Which topic on Twitter is more popular, Lady Gaga or Oprah Winfrey? This may not seem like an important question, depending upon your view of popular culture, but if we can make the comparison for these two topics, we can make it for any two topics. Certainly in the case of presidential elections, or a corruption scandal in the local news, or an international crisis, it could be a worthwhile goal to be able to analyze social media in a systematic way. And on the surface, the answer to the question seems trivial: Just add up who has more tweets. Surprisingly, in order to answer the question in an accurate and reliable way, this won’t work, at least not very well. Instead, one must consider many of the vexing questions that made inferential statistics necessary.
Let’s say we retrieved one hour’s worth of Lady Gaga tweets and a similar amount of Oprah Winfrey tweets and just counted them up. What if it just happened to be a slow news day for Oprah? It really wouldn’t be a fair comparison. What if most of Lady Gaga’s tweets happen at midnight or on Saturdays? We could expand our sampling time, maybe to a day or a week. This could certainly help: Generally speaking, the bigger the sample, the more representative it is of the whole population, assuming it is not collected in a biased way.

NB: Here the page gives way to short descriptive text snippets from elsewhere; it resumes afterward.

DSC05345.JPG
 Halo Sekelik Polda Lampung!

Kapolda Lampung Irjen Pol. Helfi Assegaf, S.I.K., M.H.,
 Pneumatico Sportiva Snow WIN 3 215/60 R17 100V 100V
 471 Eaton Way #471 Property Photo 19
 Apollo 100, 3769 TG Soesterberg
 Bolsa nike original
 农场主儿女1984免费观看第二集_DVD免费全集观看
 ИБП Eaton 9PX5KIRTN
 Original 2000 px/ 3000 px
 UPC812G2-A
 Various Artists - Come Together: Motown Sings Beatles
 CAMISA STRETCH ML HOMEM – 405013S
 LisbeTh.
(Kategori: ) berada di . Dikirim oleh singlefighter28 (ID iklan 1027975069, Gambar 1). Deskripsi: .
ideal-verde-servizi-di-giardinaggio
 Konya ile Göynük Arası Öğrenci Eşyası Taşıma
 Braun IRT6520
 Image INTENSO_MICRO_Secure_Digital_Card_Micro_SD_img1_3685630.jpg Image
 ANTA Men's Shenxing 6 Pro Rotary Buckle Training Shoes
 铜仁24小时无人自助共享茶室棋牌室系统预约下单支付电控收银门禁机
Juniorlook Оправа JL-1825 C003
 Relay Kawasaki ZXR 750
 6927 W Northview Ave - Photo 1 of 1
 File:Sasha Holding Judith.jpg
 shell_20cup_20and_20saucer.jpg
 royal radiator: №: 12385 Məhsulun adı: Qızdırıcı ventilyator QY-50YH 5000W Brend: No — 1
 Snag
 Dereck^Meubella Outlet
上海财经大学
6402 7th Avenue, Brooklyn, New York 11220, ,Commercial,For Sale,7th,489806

This approach defines popularity as the number of tweets over a fixed period of time. Its success depends upon the choice of a sufficiently large period of time, that the tweets are collected for the two topics at the same time, and that the span of time chosen happens to be equally favorable for both two topics.
Another approach to the popularity comparison would build upon what we learned in the previous chapter about how arrival times (and the delays between them) fit into the Poisson distribution. In this alternative definition of the popularity of a topic, we could suggest that if the arrival curve is “steeper” for the first topic in contrast to the second topic, then the first topic is more active and therefore more popular. Another way of saying the same thing is that for the more popular topic, the likely delay until the arrival of the next tweet is shorter than for the less popular topic. You could also say that for a given interval of time, say ten minutes, the number of arrivals for the first topic would be higher than for the second topic. Assuming that the arrival delays fit a Poisson distribution, these are all equivalent ways of capturing the comparison between the two topics.